Como disse o ministro da Educação, Aloizio Mercadante, no diálogo com o assessor do senador Delcídio do Amaral, José Eduardo Marzagão, "em política, tudo pode". Até mesmo, poderia-se acrescentar, um golpe parlamentar, "branco" ou "frio", como denominam estudiosos da democracia. Em conversa de dezembro do ano passado, uma semana depois de Cunha acolher o pedido de impeachment, um influente tucano - que já foi ministro e deputado federal - reconhecia, sem tergiversar, que as pedaladas fiscais, em sua opinião, não justificavam o afastamento de Dilma por crime de responsabilidade. Avalizava a acusação do governo: "É golpe sim, mas e daí?", devolvia.
A ideia de que a presidente precisa ser destituída, por qualquer meio, está presente no discurso da oposição desde a derrota nas urnas, em outubro de 2014. A não aceitação de resultado eleitoral é uma das marcas definidoras de sistemas em que a democracia está em risco. O jogo pelo poder fica sujo, como numa partida em que o juiz perde a autoridade e os adversários descambam para a violência. Perde-se o respeito. Abre-se espaço para o vale-tudo.
Por outro lado, impeachment não é golpe, afirmam seus defensores, porque está previsto na Constituição. É verdade, mas desde que se caracterize um crime de responsabilidade cometido pelo presidente da República. A disputa semântica - se o afastamento é impeachment ou golpe - reside essencialmente aí. Mas não só, pois numa visão mais larga não poderia abstrair o contexto de extrema polarização política que se arrasta desde as eleições. Se o julgamento do impeachment, como se sabe, é eminentemente político - muito mais do que jurídico - as avaliações sobre seu resultado também são passíveis de politização.
Nenhum oposicionista admitirá que é golpe, assim como nenhum jogador reconhece quando comete um pênalti. Do mesmo modo, poucos governistas dirão que o impeachment é resultado de um longo processo de erros políticos e de um clima de mudança, que foi a palavra de ordem numa eleição vencida pelos representantes da continuidade. O que depõe contra a capacidade da oposição de ganhar no voto, mesmo quando a situação lhe é extremamente favorável.

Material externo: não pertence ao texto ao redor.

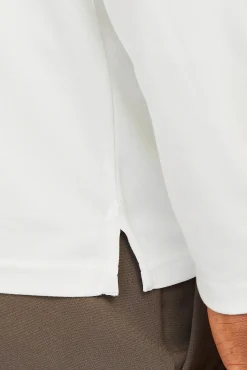 Polo clásico manga larga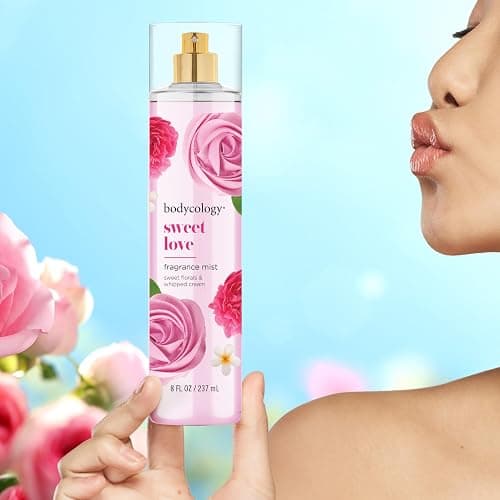 Bodycology Long-Lasting Fragrance Body Mist, Sweet Love, 8 fl oz thumbnail 5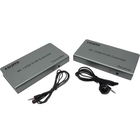 ORIENT VE051, HDMI KVM extender, HDMI+USB+Audio удлинитель до 120 м по витой паре Cat5e/6, HDMI 1.4, 4K@30Hz/1080p@60Hz, HDCP, передача ИК сигнала управления, пит. от вн.БП 5В/1А, метал.корп.(31068) ORIENT VE051, HDMI KVM extender, HDMI+USB+Audio удлинитель до 120 м по витой паре Cat5e/6, HDMI 1.4, 4K@30Hz/1080p@60Hz, HDCP, передача ИК сигнала управления, пит. от вн.БП 5В/1А, метал.корп.(31068)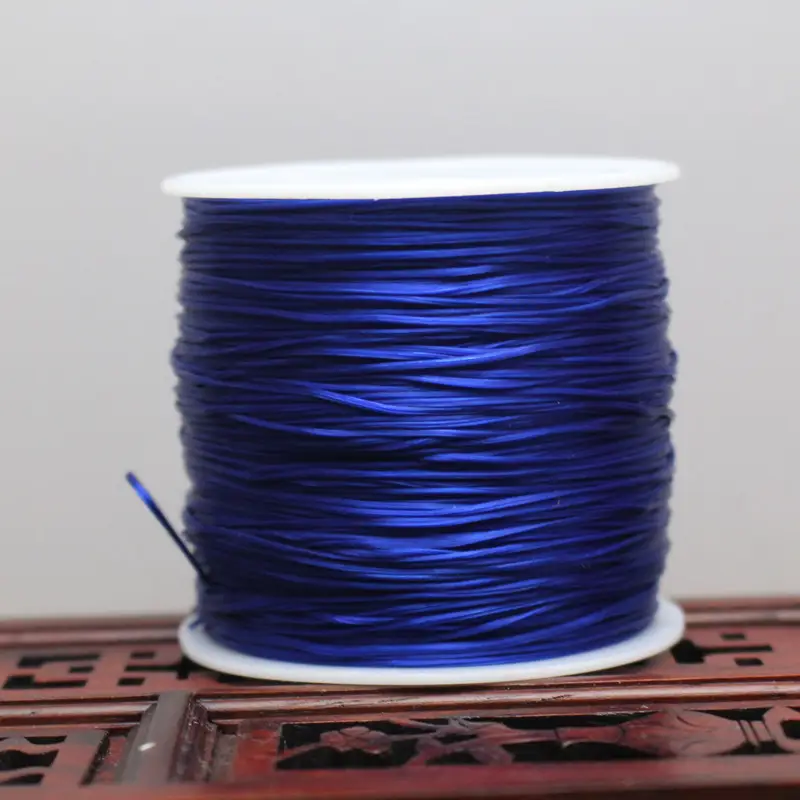 Transparent Elastic Rope for Bracelets & Crafts 16 Colors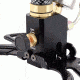 Winbest PCP 4500 PSI Air Gun 3 Stage Hand Pump, Glow in the Dark Pressure Gauge Face, Black BS12558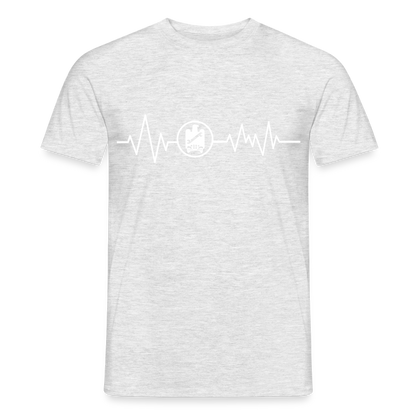 Unisex T-Shirt "KFZ-Mechaniker"-Heartbeat von Spreadconnect, Männer T-Shirt mit mechanischem Herzschlag-Design, bequem und stilvoll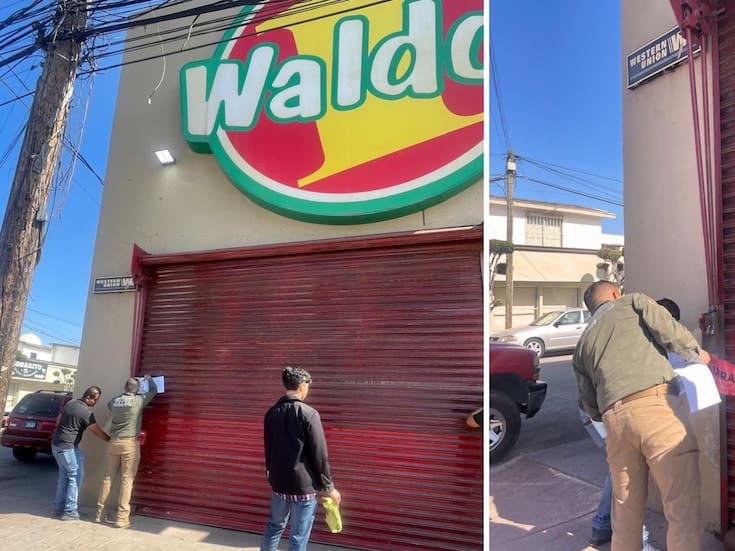 Clausuran tiendas Waldo’s en Rosarito por permisos vencidos y fallas de seguridad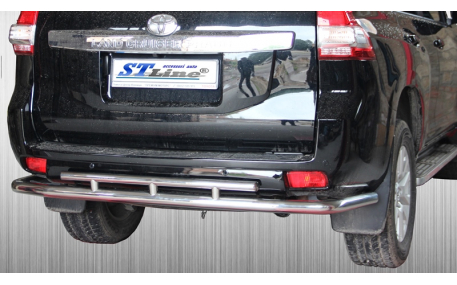 Защита задняя Toyota Land Cruiser Prado 150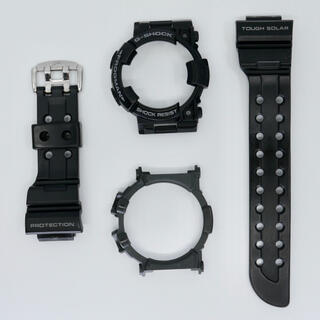ジーショック(G-SHOCK)の電波ソーラーフロッグマンGWF-1000用ベルベゼ ベルト ベゼル(腕時計(デジタル))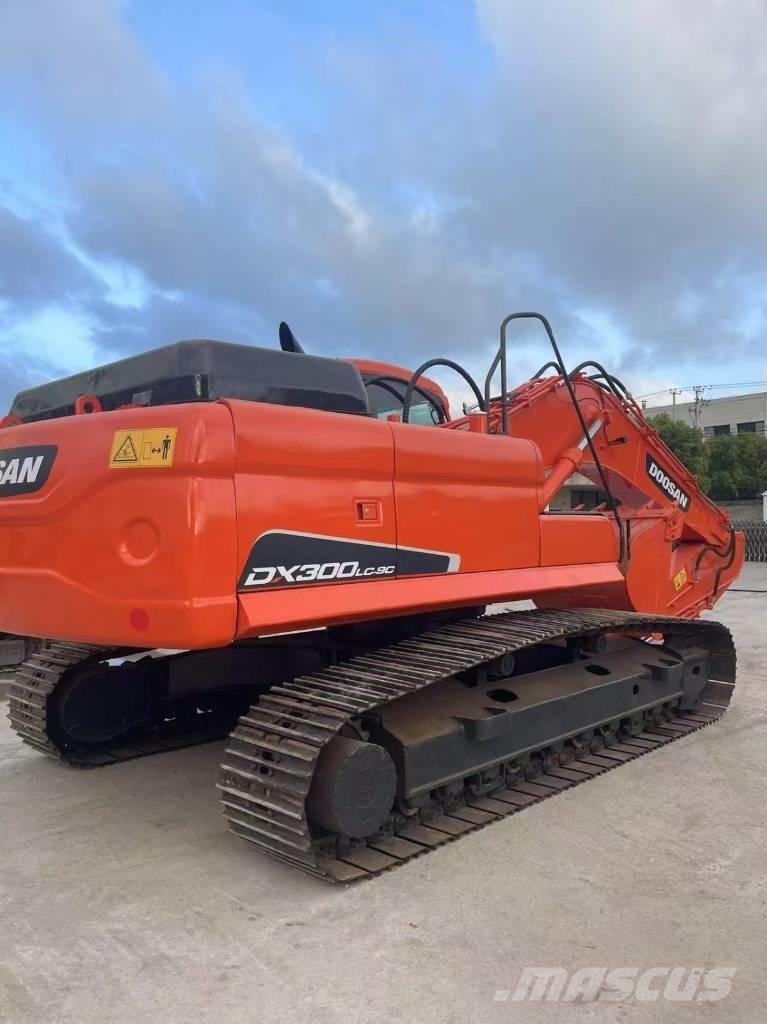 Doosan DX300LC-9C Верижен екскаватор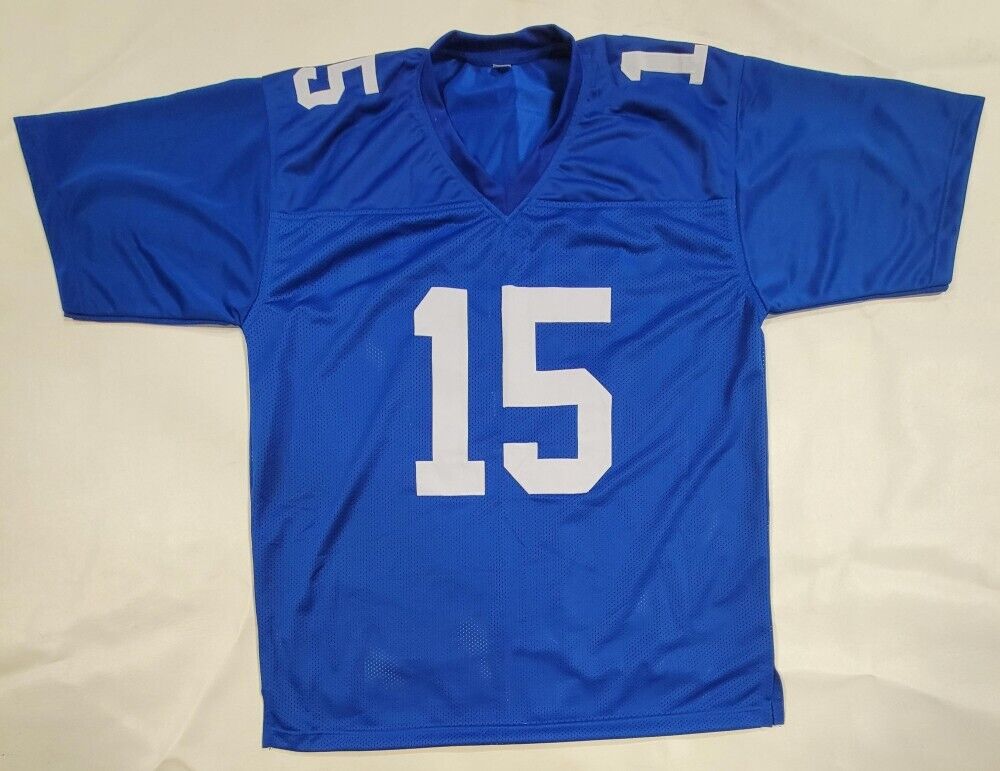 Tommy DeVito Signed New York Giants Jersey (Beckett) Ex-Illini Quarterback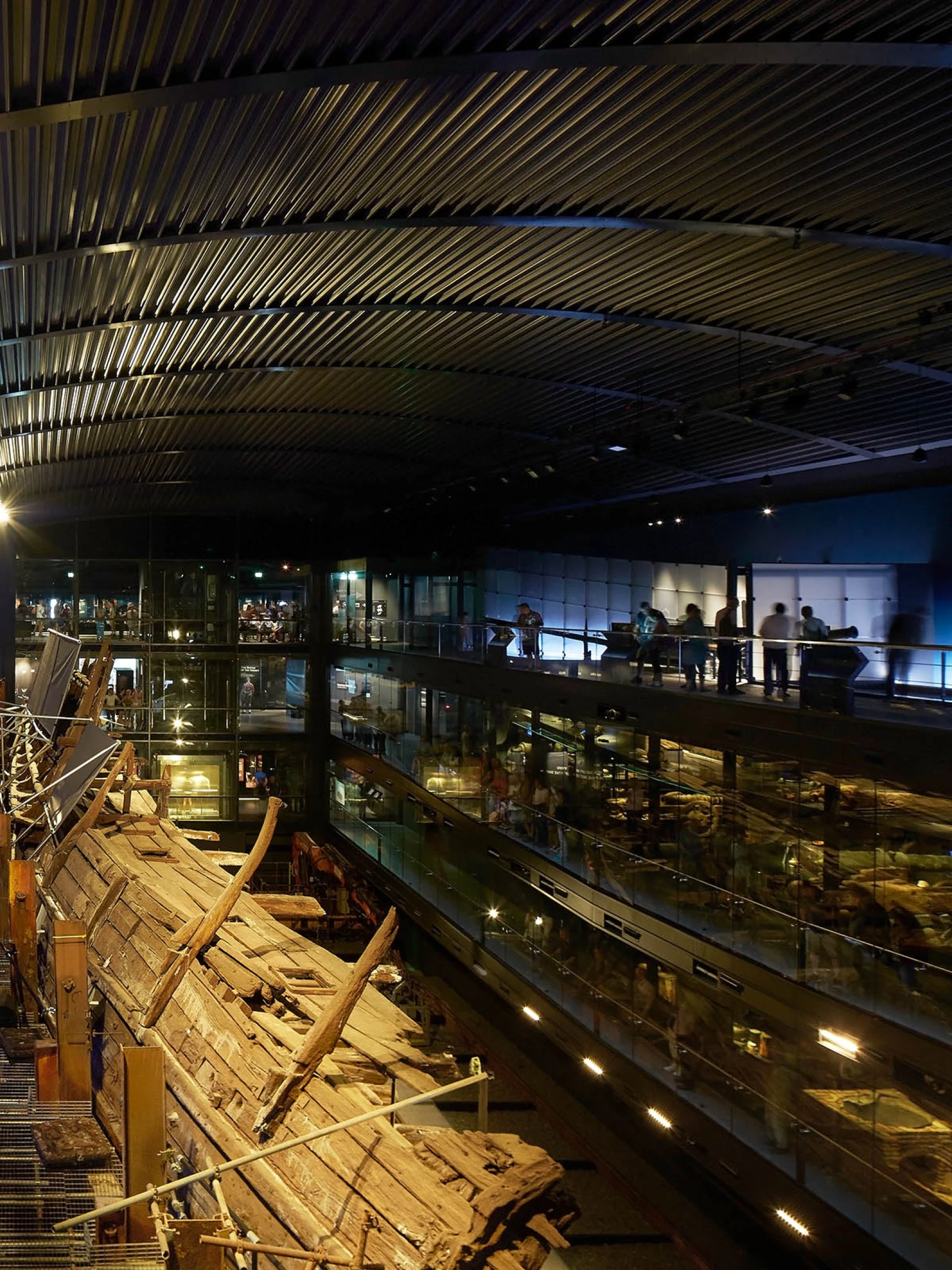   Awards:  2015 – European Museum of the Year Award, Special Commendation and Finalist  2014 – Museums and Heritage Award Best Permanent Exhibition,  2014 ­– Art Fund Prize, Museum of the Year, Finalist 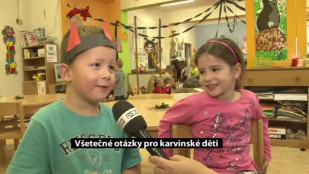 Všetečné otázky pro karvinské děti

A conquista e a manutenção do poder - por vias legais ou não - dependem sempre de apoio político. Há exatos 52 anos, em 31 de março de 1964, um governo legitimamente eleito era deposto por uma aliança entre políticos da oposição e os militares. O movimento teve respaldo de amplas parcelas da imprensa e da sociedade civil. Um tanque derrubava vários jogadores na grande área e era fácil classificar como golpe. O lance hoje é diferente, menos óbvio. O apoio político - de partidos, de movimentos sociais, do empresariado, da opinião pública - pode ser uma condição necessária, mas não suficiente para o respeito às regras básicas do jogo. A virada de mesa em 1964 tinha como justificativa a suposta ameaça comunista. Será que hoje não é corrupção e crise econômica?